While all the projects mentioned so far are primarily library-based runtime systems, a related category comprises those approaches which extend the grammar of existing programming languages, for example the pragma-based OmpSs [13]. Some related projects introduce entirely new languages altogether, such as Chapel [14], X10 [15] or Regent [16]. However, they, too, require an associated runtime system.

Finally, skeleton-based approaches trade some generality for a more tailored and user-friendly API, and this focus can also allow for simpler or higher-level data management and dependency tracking. Early implementations include the Quaff library by Falcou et al. [17], as well as the Orléans Skeleton Library by Noman and Loulergue [18]. Shigeyuki et al. [19] developed an early application of algorithmic skeletons to GPU computing. More recently, Ernstsson et al. [20] developed an extension to the SkePU skeleton programming model which lazily records the lineage of skeleton invocations, and applies tiling once partial results are actually required by the program.

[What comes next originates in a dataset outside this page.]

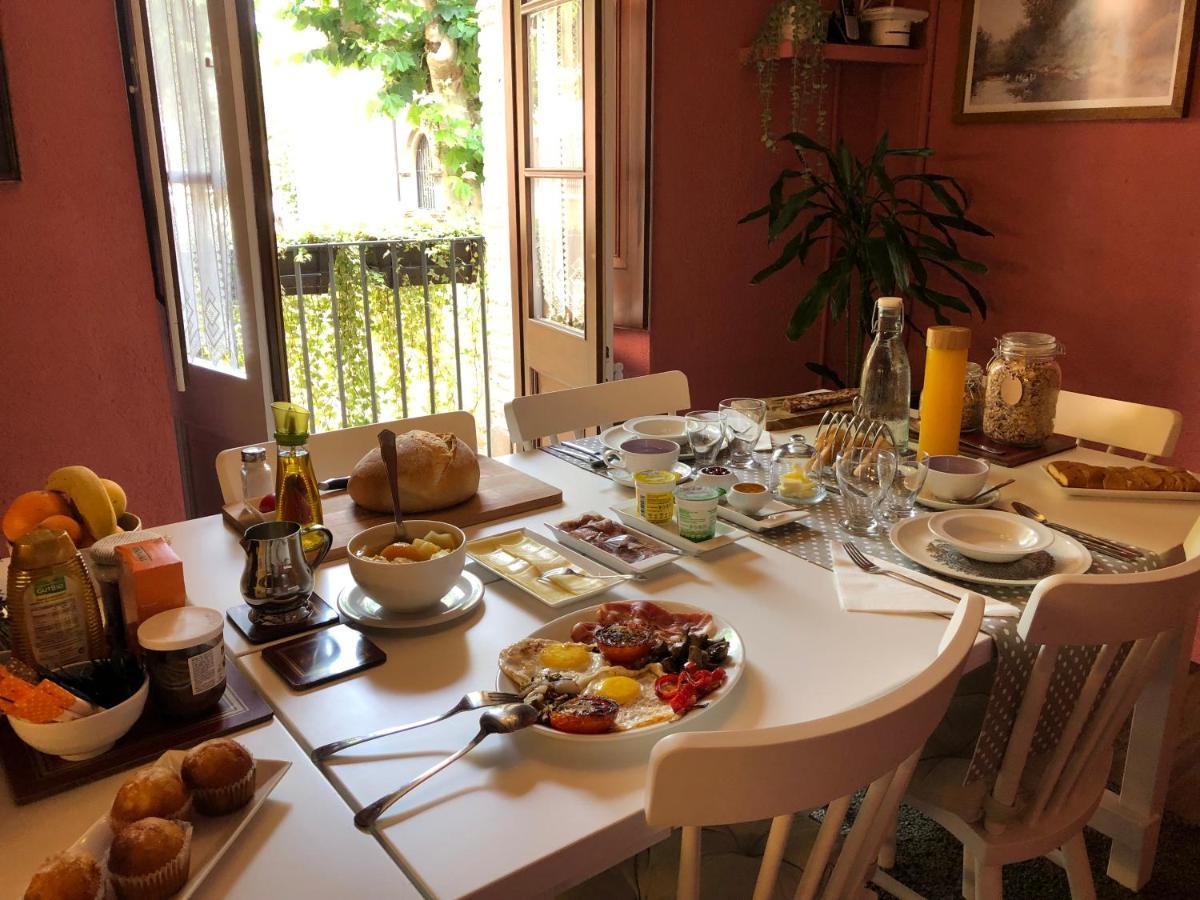 Escloper B&B Sant Julia de Vilatorta ภายนอก รูปภาพ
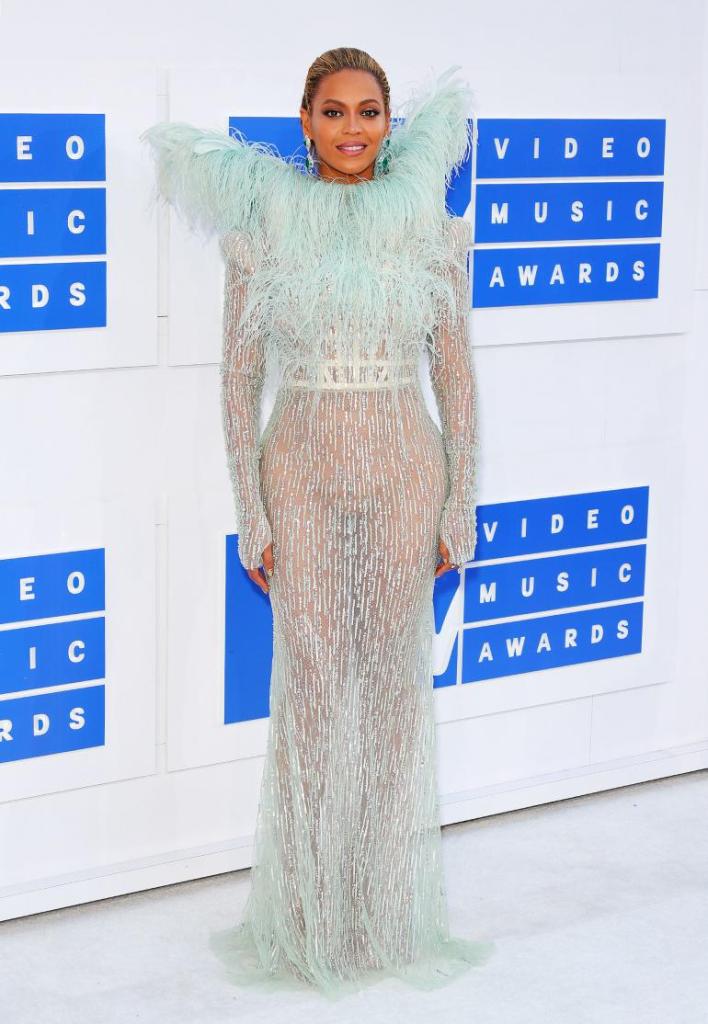 Beyonce in Francesco Scognamiglio Fall 2016 Couture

What is clear from this broad and sustained interest is that ways to quickly develop distributed applications and efficiently experiment with different work and data distribution patterns are widely desired. Depending on the level of abstraction targeted by a system, data distribution and synchronization is either manual, semi-automatic or fully automatic.

Tracking Data State

For those systems which transparently manage distributed memory transfers and/or derive their task and command graphs from memory access patterns, tracking the state of data in the system at any given point in time is a significant challenge. On the one hand, all opportunities for asynchronous compute and transfer operations should be leveraged, but on the other hand, in an HPC context, scheduling and command generation also need to be sufficiently fast to scale to potentially thousands of cluster nodes. This is particular relevant when targeting strong scaling, as the time available to schedule individual tasks while maintaining efficient throughput shrinks even for fully asynchronous systems.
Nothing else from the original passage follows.